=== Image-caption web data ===

---*---

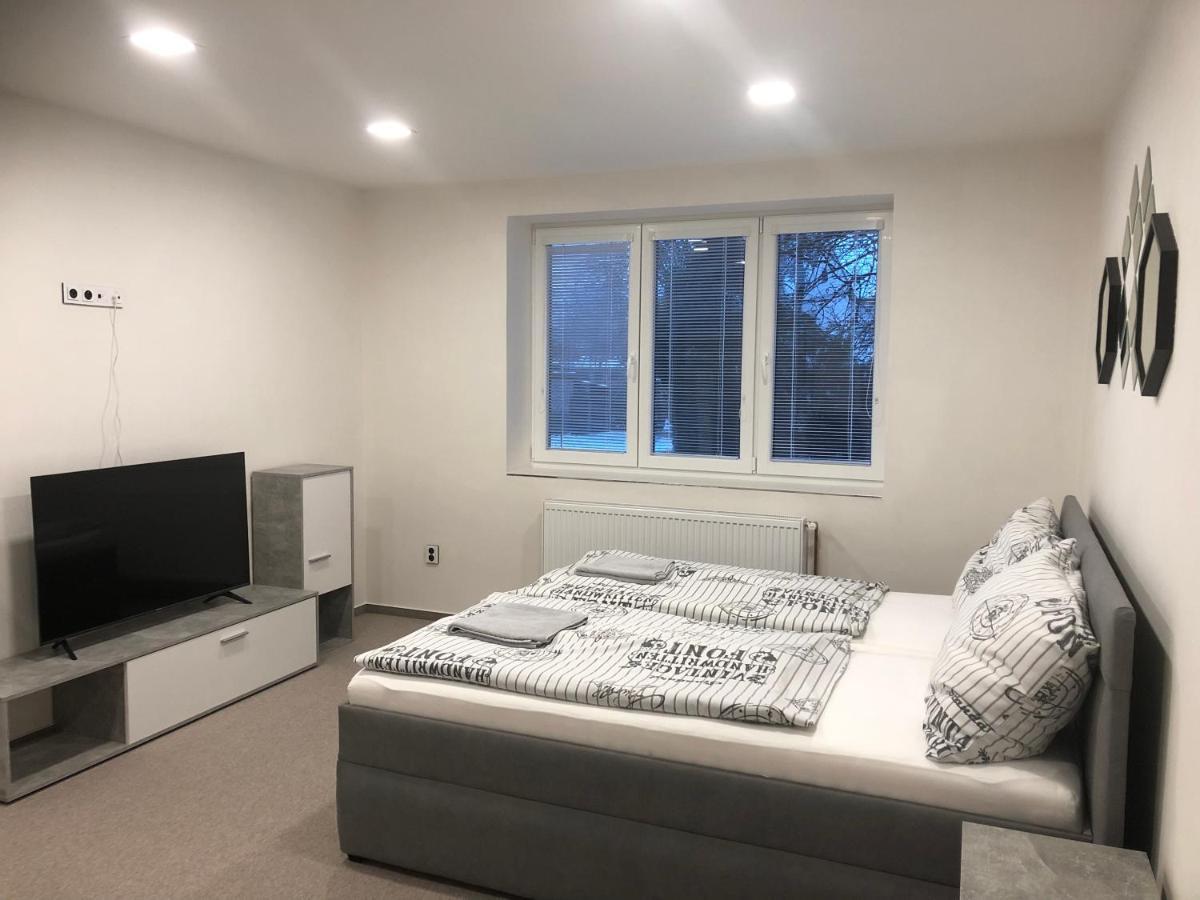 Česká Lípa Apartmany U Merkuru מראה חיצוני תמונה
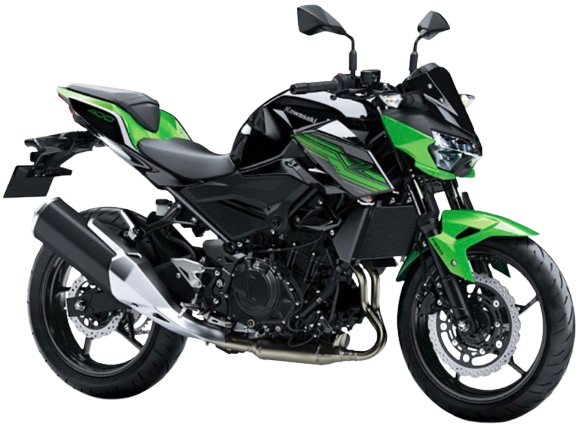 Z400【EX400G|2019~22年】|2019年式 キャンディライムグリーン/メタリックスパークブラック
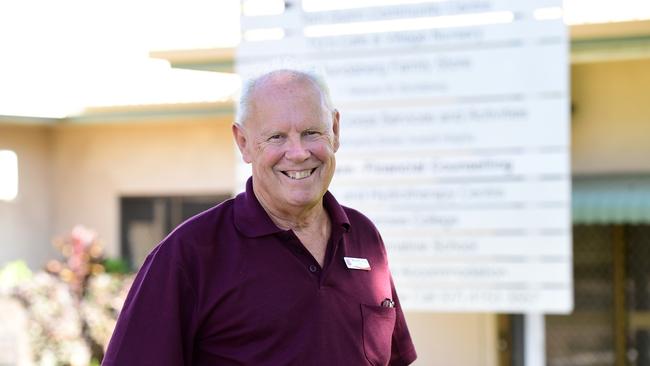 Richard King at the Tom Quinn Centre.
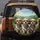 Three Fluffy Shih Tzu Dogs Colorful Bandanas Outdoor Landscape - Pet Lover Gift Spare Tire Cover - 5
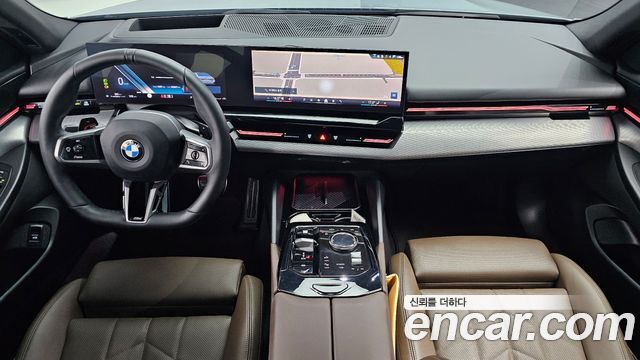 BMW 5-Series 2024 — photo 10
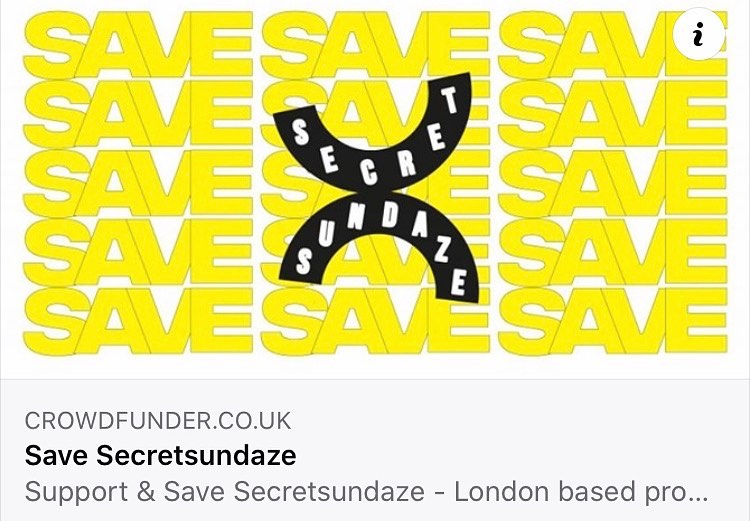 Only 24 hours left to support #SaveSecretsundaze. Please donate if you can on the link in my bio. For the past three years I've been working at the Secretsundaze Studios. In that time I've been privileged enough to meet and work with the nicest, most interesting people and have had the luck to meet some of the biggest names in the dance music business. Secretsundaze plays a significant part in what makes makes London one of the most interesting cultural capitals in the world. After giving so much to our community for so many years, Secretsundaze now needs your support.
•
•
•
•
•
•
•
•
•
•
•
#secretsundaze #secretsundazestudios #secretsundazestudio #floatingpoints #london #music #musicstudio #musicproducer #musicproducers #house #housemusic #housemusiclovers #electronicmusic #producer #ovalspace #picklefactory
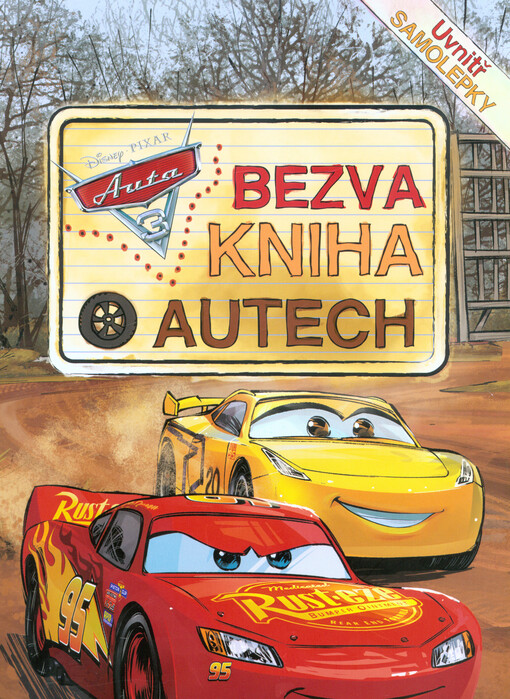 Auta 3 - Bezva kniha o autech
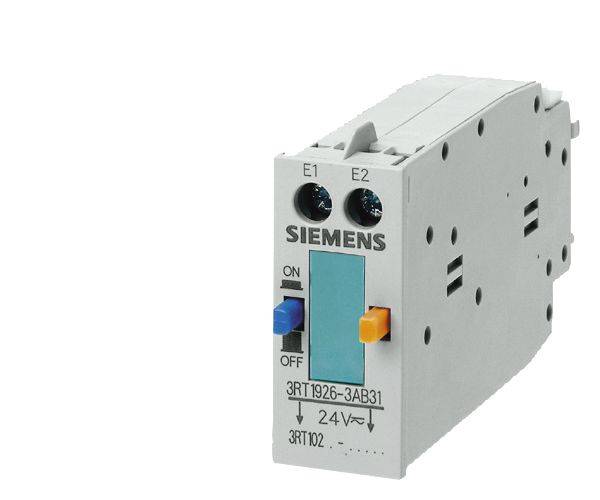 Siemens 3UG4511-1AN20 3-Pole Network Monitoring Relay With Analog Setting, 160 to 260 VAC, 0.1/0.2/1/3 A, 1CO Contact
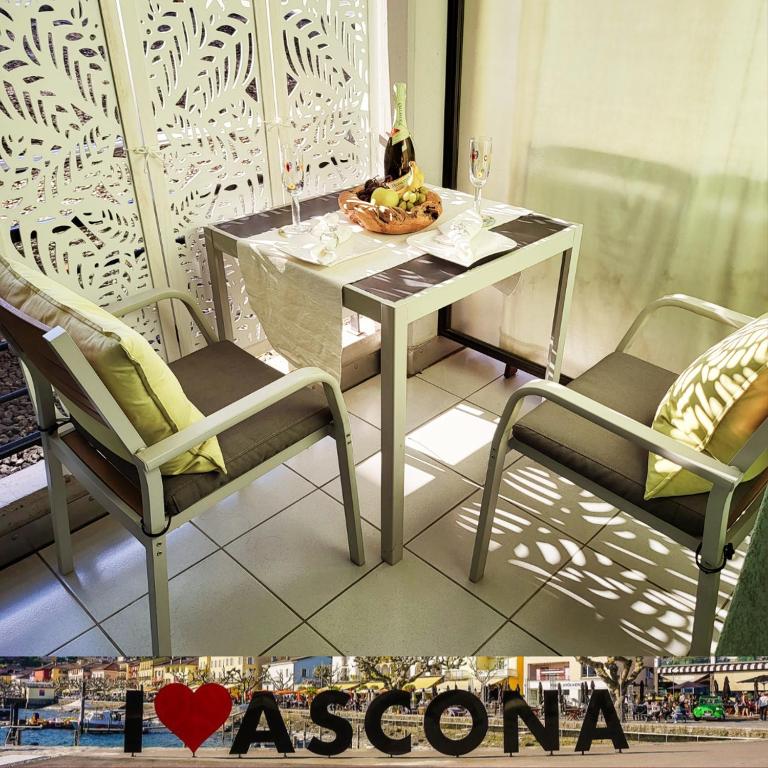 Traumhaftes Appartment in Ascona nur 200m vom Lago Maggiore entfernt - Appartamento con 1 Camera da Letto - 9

---*---

=== Problem ===
Begin at the top of the records above and retype each line exactly until the line containing "Auta 3 - Bezva kniha o autech", which is included. Skip all pictures.

=== Answer ===
 Česká Lípa Apartmany U Merkuru מראה חיצוני תמונה
 Z400【EX400G|2019~22年】|2019年式 キャンディライムグリーン/メタリックスパークブラック
 Richard King at the Tom Quinn Centre.
 Three Fluffy Shih Tzu Dogs Colorful Bandanas Outdoor Landscape - Pet Lover Gift Spare Tire Cover - 5
 BMW 5-Series 2024 — photo 10
 Only 24 hours left to support #SaveSecretsundaze. Please donate if you can on the link in my bio. For the past three years I've been working at the Secretsundaze Studios. In that time I've been privileged enough to meet and work with the nicest, most interesting people and have had the luck to meet some of the biggest names in the dance music business. Secretsundaze plays a significant part in what makes makes London one of the most interesting cultural capitals in the world. After giving so much to our community for so many years, Secretsundaze now needs your support.
•
•
•
•
•
•
•
•
•
•
•
#secretsundaze #secretsundazestudios #secretsundazestudio #floatingpoints #london #music #musicstudio #musicproducer #musicproducers #house #housemusic #housemusiclovers #electronicmusic #producer #ovalspace #picklefactory
 Auta 3 - Bezva kniha o autech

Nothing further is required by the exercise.